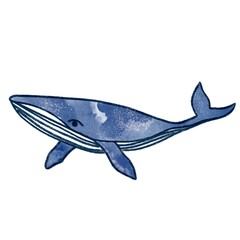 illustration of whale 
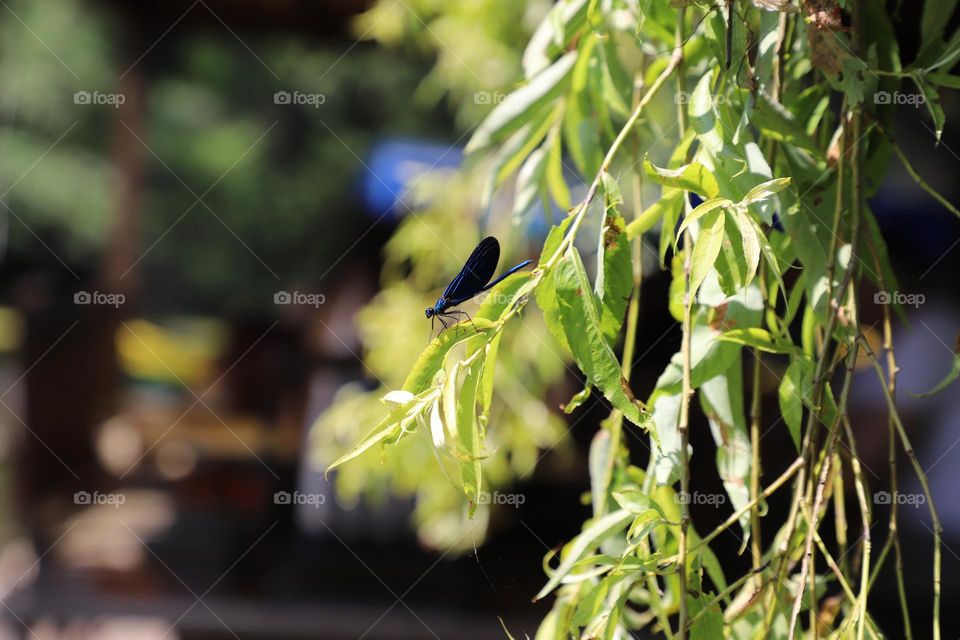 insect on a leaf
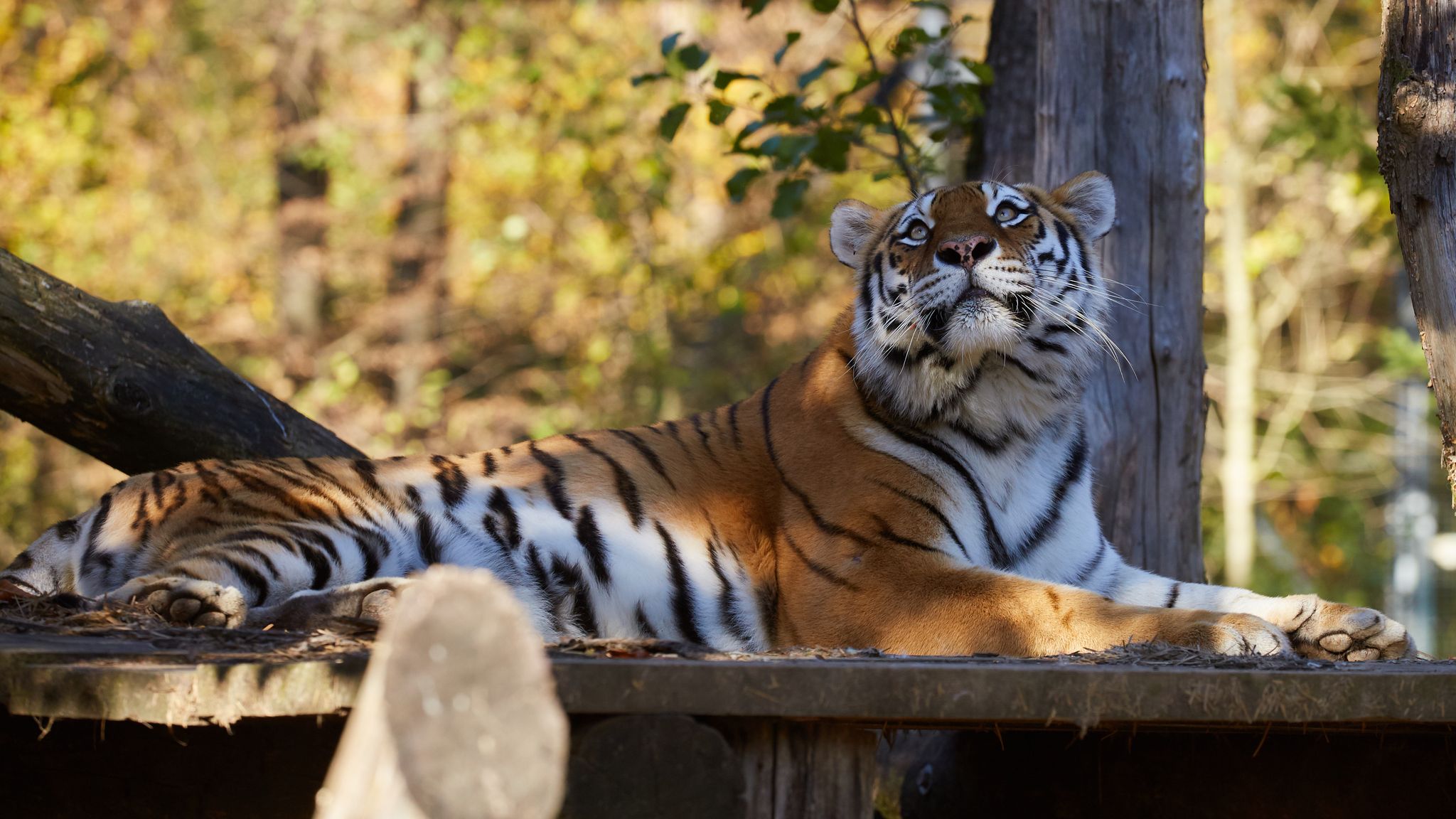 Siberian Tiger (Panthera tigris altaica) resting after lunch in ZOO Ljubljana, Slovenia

Task prompt
All of the data above needs to be given again exactly. Leave out each image.

Task response
 illustration of whale 
 insect on a leaf
 Siberian Tiger (Panthera tigris altaica) resting after lunch in ZOO Ljubljana, Slovenia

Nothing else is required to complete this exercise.